Assignment » Among the entries below, determine how many lines contain the word "with" and state only that figure.

START Given entries

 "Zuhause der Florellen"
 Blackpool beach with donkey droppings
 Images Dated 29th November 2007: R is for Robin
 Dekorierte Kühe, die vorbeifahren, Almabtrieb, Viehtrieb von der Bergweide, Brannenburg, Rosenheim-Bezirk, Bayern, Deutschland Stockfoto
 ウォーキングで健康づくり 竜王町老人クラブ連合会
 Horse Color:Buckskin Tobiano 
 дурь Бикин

END Given entries
START Given entries

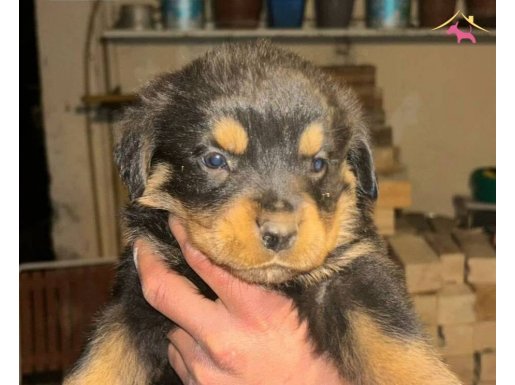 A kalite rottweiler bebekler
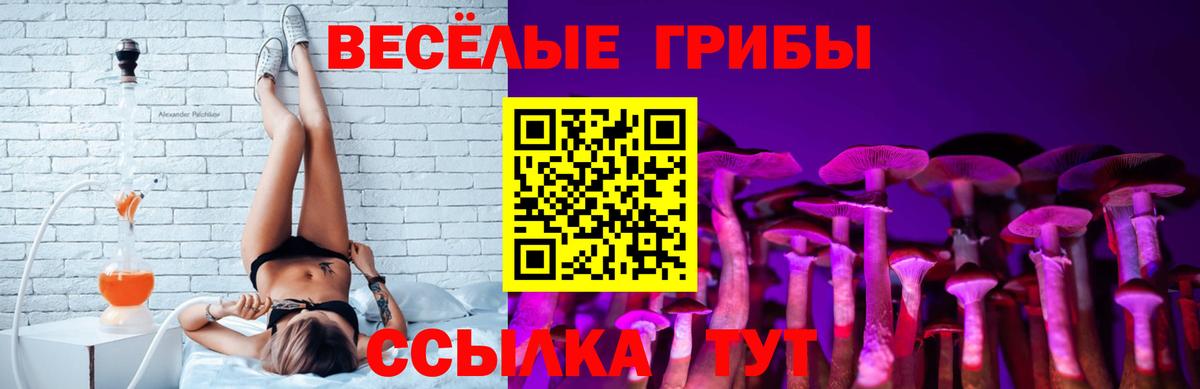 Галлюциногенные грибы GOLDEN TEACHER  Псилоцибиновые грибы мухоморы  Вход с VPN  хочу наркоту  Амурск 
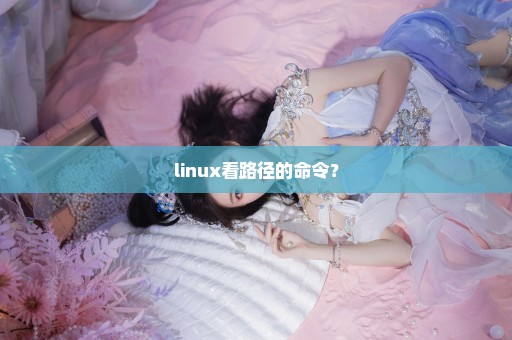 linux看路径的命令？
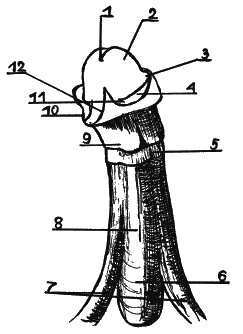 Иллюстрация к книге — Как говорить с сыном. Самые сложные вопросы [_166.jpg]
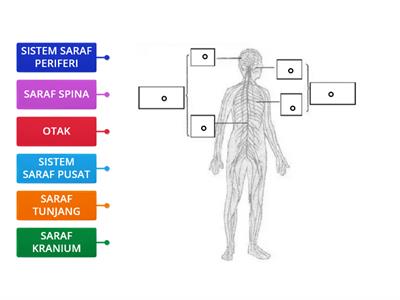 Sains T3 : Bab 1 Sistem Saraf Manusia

END Given entries
START Given entries

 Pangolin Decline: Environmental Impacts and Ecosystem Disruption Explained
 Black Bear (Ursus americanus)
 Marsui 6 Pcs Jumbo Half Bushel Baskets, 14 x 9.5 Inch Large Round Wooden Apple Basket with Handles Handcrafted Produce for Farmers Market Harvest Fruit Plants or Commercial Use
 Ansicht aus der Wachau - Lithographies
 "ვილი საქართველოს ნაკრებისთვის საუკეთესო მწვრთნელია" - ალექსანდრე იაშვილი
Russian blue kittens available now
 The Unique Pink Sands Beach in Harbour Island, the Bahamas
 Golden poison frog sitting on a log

END Given entries

The answer » 2